Okay, ignoring that for the moment, the other things that pops out to me (yes, that is a completely unscientific pattern identification) are the three dark dots at the top of the bulk of the distribution identifying the Oakland, Riverdale and Washington Park communities. These are communities with high poverty and low energy efficiency. Perhaps they would make good targets for a retrofitting program? It's definitely worth looking into but there are tens of thousands of people in these neighborhoods, so we should probably try to constrain our analysis a bit more. With that thought in mind I thought to get a sense for the spread of efficiency within these communities by returning to the the census block level data and comparing the distribution of efficiencies in these communities to the rest of Chicago.
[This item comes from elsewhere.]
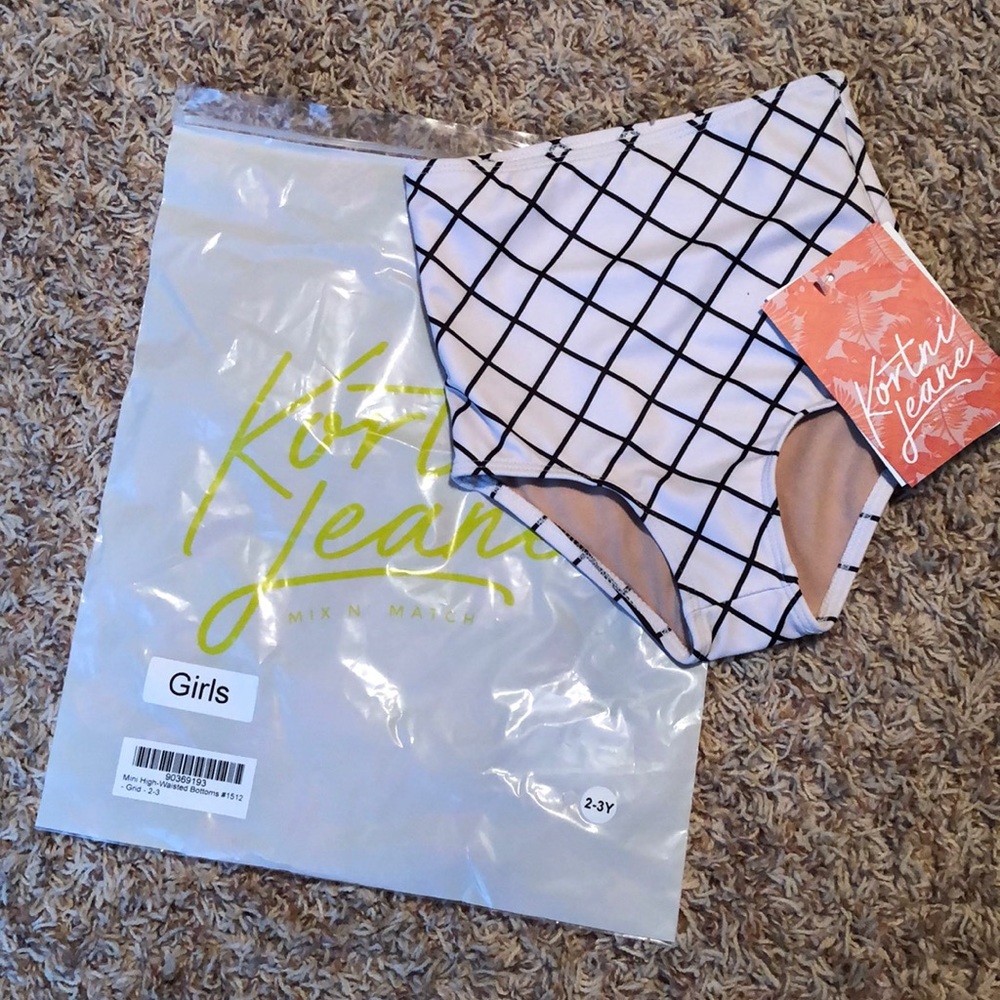 NWT Kortni Jeane Mini High-Waisted Bottoms (2-3 Y)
The result is shown below:
The x axes show efficiencies normalized on a per square foot as well as a per capita basis. Interestingly, it seem to me that (with the possible exception of Oakland) these neighborhoods are capable of efficient gas usage compared to the rest of Chicago, even though the average efficiencies are lower. This suggests that retrofitting for improved gas heating would need to look in detail at the houses to move forward. In contrast there seems to be significant differences in electricity efficiency beyond the average. The profiles really look different. I don't have much to say beyond that, although I would be curious to see how much of the trend could be explained by housing usage patterns (like how many people live in a house, how often are rooms vacant, how well are they maintained, etc.). Feel free to fork the notebook on github or start your own analyses if you find this interesting.